RPA meets IoT: the Jidoka panic button - Jidoka


RPA meets IoT: the Jidoka panic button

13 March, 2018

At Jidoka, we continuously strive to create innovative Intelligent Automation product features. Our product evangelist, Deepak Sharma, in his recent article wrote about our vision of an Intelligent Automation Operating environment, that mentions the different robot types such as Smart and Collaborative, to enable organizations achieve business value in highly disruptive digital environments. Our concept of Collaborative Bots, or Cobots, within the context of Robotic Process Automation, is pioneering to introduce creative technology solutions for managing basic and smart robots. In our previous article about Cobots, we talked about applying Virtual AI assistant and chatbot technologies for human and robot collaboration. In this article we would like to share interesting information about integrating Internet of Things (IoT) technologies with our RPA platform to further extend the Cobots concept.

A few months ago, we were invited to participate in a RFP, which we would like to add that we won, where we faced the following question:

Does the platform provide a system or mechanism to quickly and securely disable all the running robots in case a serious event or error occurs?

Basically what the RFP was asking for was if we had implemented the famous “red button” feature, otherwise known as the Panic button.

Taking this requirement into account, we decided to develop a unique feature in our RPA solution. Being honest, this functionality was already embedded in the Jidoka console, where with a single click, the user could securely disable all the executions of the robots. Additionally, this functionality was also available to be invoked from an external system via our web services (API REST).

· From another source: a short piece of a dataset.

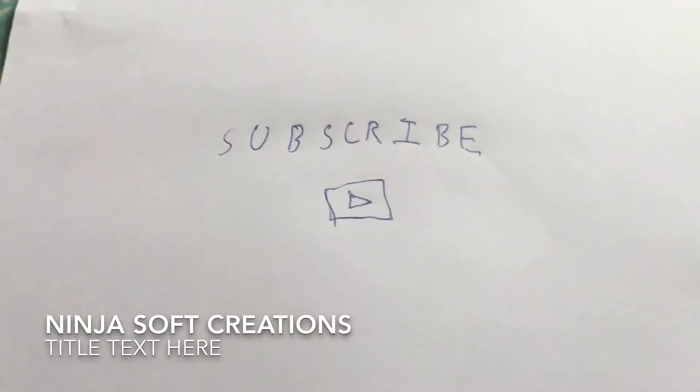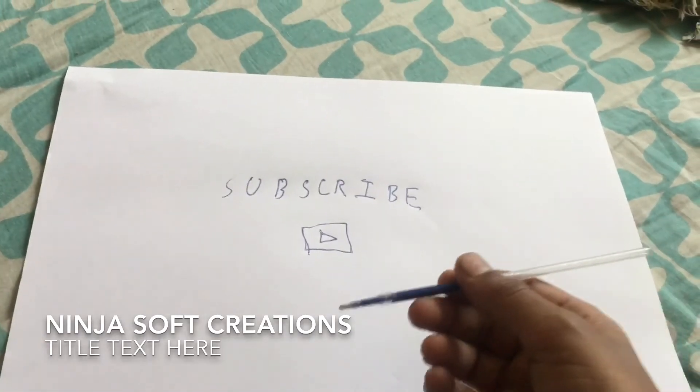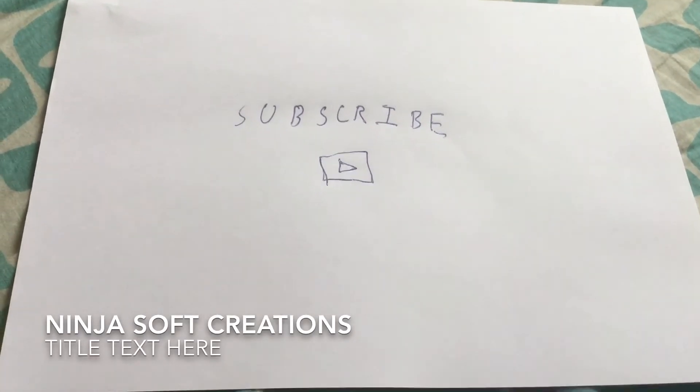So guys, I hope you like my video. Give me a big thumbs up and subscribe for more updates. Thank you for watching, have a great day, bye bye!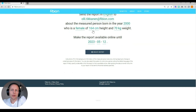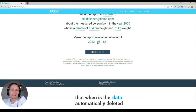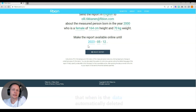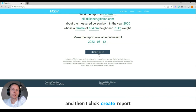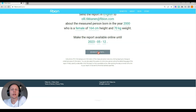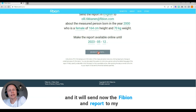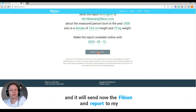You can also set when the data is automatically deleted. Then I click 'Create Report' and it will send the Fibion report to my email. All right, thanks a lot.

In fact, we have implemented RPA automation for Banks and Finance using this feature to stop all the robots at the beginning of the bank’s batch process chain, and reactivate the robots later when the bank’s batch processes end. And I am sure you are wondering, why is it necessary to stop the robots for the batch processes? Basically because the batch processes prevent other systems from operating normally during their execution. Imagine that these are night processes, that are executed outside the normal office hours times when humans are normally not working, but robots are! The functionality to stop and resume the Jidoka robots could be integrated without difficulty into the well-known host scheduler, Control-M.

But we wanted to go further by offering customers a physical button, allowing the person responsible for robot operations to stop all robot executions by pressing a single button, the red or panic button, the same way as in many other high security and critical operational environments.

To do this we found the solution in the Amazon’s Dash Button, which allows associating a series of commands or actions to the clicks of the device buttons.

The dash button is a small device that can send a message to Amazon through a Wi-Fi network (Internet). This network can also be our mobile network, this way the dash button can always be connected to send messages. The dash button sends three types of messages:

  1. Single press
  2. Long press
  3. Double press

So, here at Jidoka we added the possibility of registering messages from the dash button to the extensive preconfigured list of events & actions available on the console.

As mentioned before, the Jidoka platform was already prepared to enable and disable robots using our API REST (web services). Also, the console already allowed the configuration of different “actions” to be executed after certain events occur, so we only had to add new events associated with the Amazon dash button (click, double click and long click). This way, from the console a user can simply configure the actions of activating and deactivating robots that are associated with the clicks of the dash button.

When the user clicks on the dash button, the device sends a message to the Amazon cloud, specifically to the Amazon Internet of Thing platform called AWS IoT. As part of the integration with the dash button, we installed a program in AWS IoT that routes the message received from the dash button to the corresponding secure Jidoka instance, where the event is registered and the user-configured actions associated with it are executed.

These actions can be one or more of those available in the Jidoka console, such as enabling or disabling robots, executing a robot, sending an email, etc.

Each dash button includes a serial number that uniquely identifies it in the Jidoka console, we have these serial numbers available so that we can configure different actions to be performed in response to events/clicks from different Amazon dash buttons.

Here is a short video where you can see the panic button in action.

In the video, the manager of the automated processes receives an alert on her mobile phone since an error or event has occurred in the execution of the robots. With a double click on the dash button she disables robot executions, with no need to access the Jidoka console. She notifies the support service of the error, and when the problem has been solved, she reactivates robot operations with a long press on the dash button, and all this without having to leave the meeting which she is attending!

With this operational use case we would like to highlight new collaboration scenarios between humans, physical devices (IoT) and software robots. To make collaboration truly effective, organizations need an open RPA platform which facilitates the integration and orchestration of services, configurable in an easy and flexible way. And that is exactly how Jidoka has been conceived.